きっと落ちるのはこれで四度目。落ちて落ちて落ちて、また落ちた。懲りずにきっとまた、明日も落ちるかもしれない。
別に物で釣ろうとかお金で解決しようとは思っていない。とは言え、結局彼女はそう捉えてしまった。これの原因は明らかに彼にある、今日の一言でやっと理解することができたことだろう。
一度目は彼女の親友から「桜餅が好き」という情報を聞き出したため、有名桜餅店の永久無料チケット(特注)を渡そうとして「いただけません。お気持ちだけ受け取ります」と断られた。
二度目はいつもおしゃれな彼女に高級ブランドKUTTEの新作購入優先チケット(特注)を渡そうとして「安い服を何度も着るのが好きなんです」と断られた。
三度目は旅行好きと風の噂で聞いたため、全国のホテル無料サービス券(特注)を渡そうとして「いい加減にして。そんな高価な物、いただけません」と断られた。
しかし、これらの失敗を踏まえた上で、今回は長い間枯れることのない十色のバラの花束(特注)を渡そうと思ったのに、今度は一体何が気に入らなかったのだろうか。
「どうしたの?渉くん」
彼を取り囲む女は何もせずとも彼のそばに寄ってきた。彼は、彼をお金持ちと知って近付いていることに気がついているので、うんざりしている。そしてその事を別に隠しもしない素振りが余計に彼を腹立たせた。
「なんでもないよ。女心はわからないね」
「私は渉くんが好きだよ」
この女の腹の底はこんなにも簡単にわかるのに。彼女の心はどうしてわからないのだろうか。
「君が好きなのは金だろ」
そんな事ないよと言う女の顔は皆同じだ。そうに決まってんだろという言葉が顔に現れている。そうだ、彼女もこんなふうに顔に出してくれればいいのに・・・と思うが、彼女は常に嫌と言う顔をしていると思い返す。

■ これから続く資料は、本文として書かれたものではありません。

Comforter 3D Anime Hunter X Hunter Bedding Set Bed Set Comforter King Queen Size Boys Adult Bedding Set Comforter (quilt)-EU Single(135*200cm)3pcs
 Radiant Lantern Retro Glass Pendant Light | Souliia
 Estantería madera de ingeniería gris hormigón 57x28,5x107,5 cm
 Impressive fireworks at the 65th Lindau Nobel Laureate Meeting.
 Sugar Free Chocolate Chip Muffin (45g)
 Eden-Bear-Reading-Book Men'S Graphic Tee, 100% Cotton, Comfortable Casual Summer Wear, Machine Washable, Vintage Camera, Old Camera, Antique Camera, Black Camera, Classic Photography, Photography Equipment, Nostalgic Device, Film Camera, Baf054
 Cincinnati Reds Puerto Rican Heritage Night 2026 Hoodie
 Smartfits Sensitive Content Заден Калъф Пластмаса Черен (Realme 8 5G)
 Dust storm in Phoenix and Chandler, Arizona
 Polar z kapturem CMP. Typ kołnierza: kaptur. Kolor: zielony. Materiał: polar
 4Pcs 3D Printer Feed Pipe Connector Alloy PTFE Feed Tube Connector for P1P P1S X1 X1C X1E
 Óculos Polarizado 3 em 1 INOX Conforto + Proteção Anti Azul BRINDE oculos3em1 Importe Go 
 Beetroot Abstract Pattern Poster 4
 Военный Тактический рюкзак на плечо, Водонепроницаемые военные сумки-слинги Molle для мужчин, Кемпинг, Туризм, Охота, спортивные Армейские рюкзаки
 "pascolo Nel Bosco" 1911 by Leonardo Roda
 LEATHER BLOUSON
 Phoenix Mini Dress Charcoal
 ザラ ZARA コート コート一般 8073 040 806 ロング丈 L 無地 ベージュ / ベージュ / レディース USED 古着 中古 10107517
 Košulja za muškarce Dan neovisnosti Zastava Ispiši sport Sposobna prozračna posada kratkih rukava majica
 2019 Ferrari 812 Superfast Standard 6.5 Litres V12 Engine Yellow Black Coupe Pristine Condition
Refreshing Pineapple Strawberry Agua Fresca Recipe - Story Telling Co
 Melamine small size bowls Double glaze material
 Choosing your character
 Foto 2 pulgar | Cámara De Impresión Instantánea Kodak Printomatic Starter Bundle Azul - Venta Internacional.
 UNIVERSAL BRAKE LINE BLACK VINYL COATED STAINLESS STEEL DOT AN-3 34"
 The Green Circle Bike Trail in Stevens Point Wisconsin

彼は十八年という人生において、初めてこんなに欲しがった。別に、心の底から欲しかったものがなかった訳ではない。「欲しい」からの「はいどうぞ」の世界で生きていた彼にとって「欲しがる」と言う行為自体、する機会がなかったのだ。彼女はその初めての「欲しがる」という行為を彼に与えた。彼女はとても特別なのだ。
「君を手に入れるためにどうしたらいい?」
「あのねぇ、そもそも聞き方が悪いわ。私はモノじゃない。そしてそんなもん、自分で考えなさいよ」
「ん~~・・・」
「・・・・・・」
「僕はどうしたら君と仲良くなれる?」
「いいのよそれで。ほんと、おぼっちゃまって感じね」
笑う彼女はやっぱり可愛くて、尊くて、儚くて・・・彼の横で、彼女の横で、笑う二人の姿を想像するととても幸せだった。彼女の笑顔を見て彼はまた落ちた。落ちるのは五度目だ。深く、深く落ちていった。ずっと、彼のそばにいて欲しかった。
でも、手に入れることはできなかった。
彼女は「欲しがる」という行為の他に「お金で手に入らないもの」も教えてくれた。彼の財力を持ってしても、それを買うことは不可能だった。
命。
彼女は病を患っていた。幼い頃からの不治の病だった。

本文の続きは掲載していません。